President Barack Obama named Jackson to the federal bench in 2012, and the Senate approved her nomination by a voice vote in March 2013. She authored more than 550 opinions, which were frequently overturned on appeal. President Obama interviewed her for the 2016 Supreme Court vacancy but settled on Merrick Garland.

President Joe Biden nominated Jackson to take Garland’s seat on the U.S. Court of Appeals for the D.C. Circuit in March 2021. The nomination marked her as a likely Supreme Court nominee, as Justices Clarence Thomas, Brett Kavanaugh, former justices Ruth Bader Ginsburg and Antonin Scalia, as well as Chief Justice John Roberts, had all served on the D.C. circuit. The U.S. Senate confirmed Jackson to the appeals court last June 14 by a 53-44 vote. Three Republicans — Susan Collins of Maine, Lindsey Graham of South Carolina, and Lisa Murkowski of Alaska — voted to confirm Jackson. Jackson wrote her first appeals court decision last month.

On Friday, Biden kept his campaign promise to name the first black woman to the U.S. Supreme Court, a pledge that proved pivotal to winning the support of Rep. Jim Clyburn (D-SC) during the South Carolina primary. Although Clyburn preferred the more moderate J. Michelle Childs, a South Carolina native, Jackson has other “fans within the Congressional Black Caucus, the influential group of lawmakers who also has the president’s ear,” according to Politico. Jackson was also on the short list of Demand Justice, which has been called a “liberal dark money” group and is focused on packing the nation’s courts with judicial activists.

“With the intended nomination of Ketanji Brown Jackson, Joe Biden has made it clear that his top priority is paying back the left-wing dark money network that spent over one billion dollars to help elect him and Senate Democrats,” said Carrie Severino, the president of the Judicial Crisis Network.

Competence

Judge Jackson’s supporters point to her Ivy League education, recent bipartisan confirmation, and experience on the bench as proof she is “well qualified.” But many others question Jackson’s abilities.

“People on the right don’t think Brown Jackson is stellar intellectually,” said Curt Levey, president of the Committee for Justice. Ed Whelan, who holds the Antonin Scalia Chair in Constitutional Studies at the Ethics and Public Policy Center, said that “Jackson is not highly regarded as a judge” and has “a middling reputation. This criticism, I’ll emphasize, is on grounds of quality, not ideology.”

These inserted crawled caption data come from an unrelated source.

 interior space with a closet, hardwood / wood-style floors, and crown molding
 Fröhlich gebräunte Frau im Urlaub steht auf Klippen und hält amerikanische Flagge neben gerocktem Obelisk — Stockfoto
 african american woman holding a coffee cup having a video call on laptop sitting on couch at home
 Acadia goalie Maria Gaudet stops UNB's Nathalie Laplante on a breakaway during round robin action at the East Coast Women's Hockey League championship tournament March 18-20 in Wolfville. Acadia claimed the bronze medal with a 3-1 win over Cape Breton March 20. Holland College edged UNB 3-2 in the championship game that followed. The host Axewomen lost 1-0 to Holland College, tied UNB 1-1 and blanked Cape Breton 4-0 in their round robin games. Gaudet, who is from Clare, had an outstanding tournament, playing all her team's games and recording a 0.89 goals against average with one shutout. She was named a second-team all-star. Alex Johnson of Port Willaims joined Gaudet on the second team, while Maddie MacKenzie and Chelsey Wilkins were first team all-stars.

Republicans will have to contend with remarks from then-Speaker of the House Paul Ryan, who called Jackson (whose husband is the twin brother of Ryan’s brother-in-law) “clearly qualified” and “an amazing person.”

Prospects of confirmation

Jackson appears to face little or no Democratic opposition inside the evenly divided Senate, even from its more centrist members. Before Jackson’s nomination, Senator Joe Manchin (D-WV), who calls himself “pro-life,” has said he is “anxious” to fill the Supreme Court vacancy, even with someone “more liberal than me,” provided the nominee has “a sound thought process.” Senator Kyrsten Sinema (D-AZ) has also signaled her openness to voting for Jackson.

Senator Dick Durbin (D-IL) has said he plans to confirm Jackson before the Senate’s Easter break in April.

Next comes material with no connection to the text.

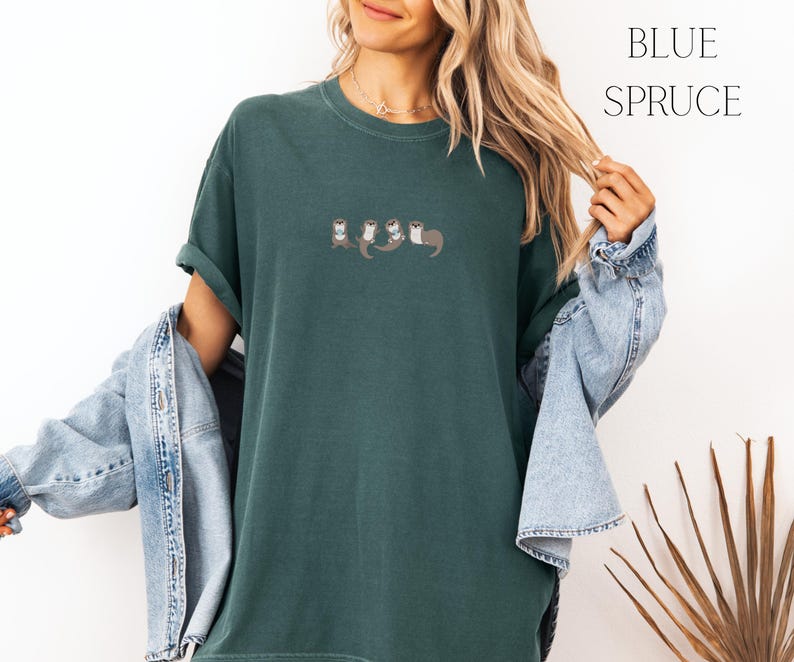 Puede incluir: Una camiseta verde oscuro con un peque&ntilde;o dise&ntilde;o bordado de nutrias. La camiseta tiene las mangas enrolladas y se combina con una chaqueta vaquera. Las palabras "BLUE SPRUCE" est&aacute;n impresas en negro en la parte superior derecha.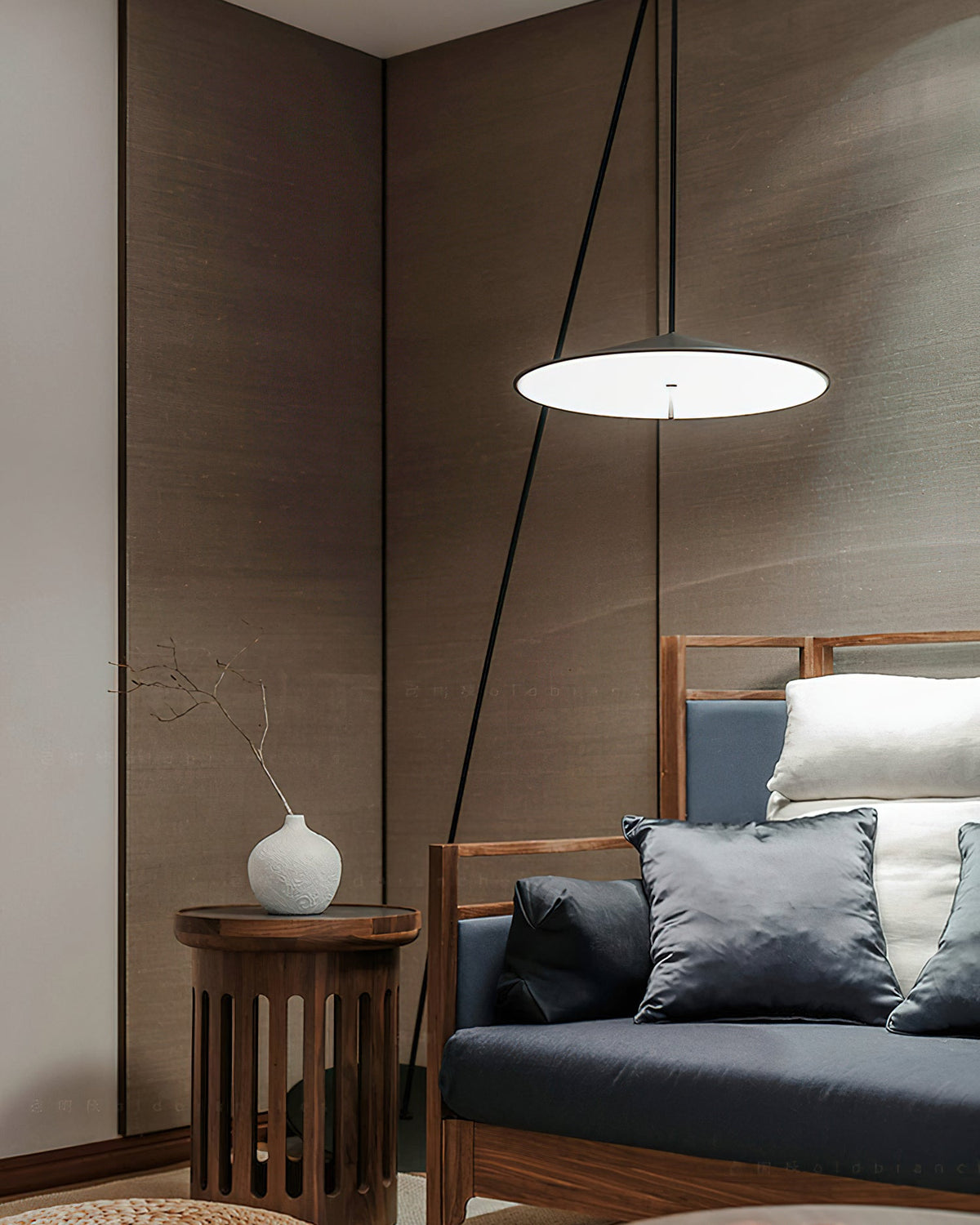 Lit disc shade hangs low beside a wooden-framed sofa and a round side table with a white vase, a Clérachic floor lamp.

Conservatives continue to warn against the dangers of confirming Judge Jackson to the Supreme Court. “She is by all accounts a liberal judge. I think she’s the choice of the radical Left,” said former Vice President Mike Pence on Friday.

“President Biden is selecting a judicial activist for the Supreme Court,” said Kelly Shackelford of the First Liberty Institute. “Her record from the beginning of her career shows hostility to religious liberty, free speech, and other constitutional rights. The American people do not want a liberal extremist on the Supreme Court. If confirmed, Judge Jackson’s judicial activism will place the constitutional rights of all Americans in jeopardy.”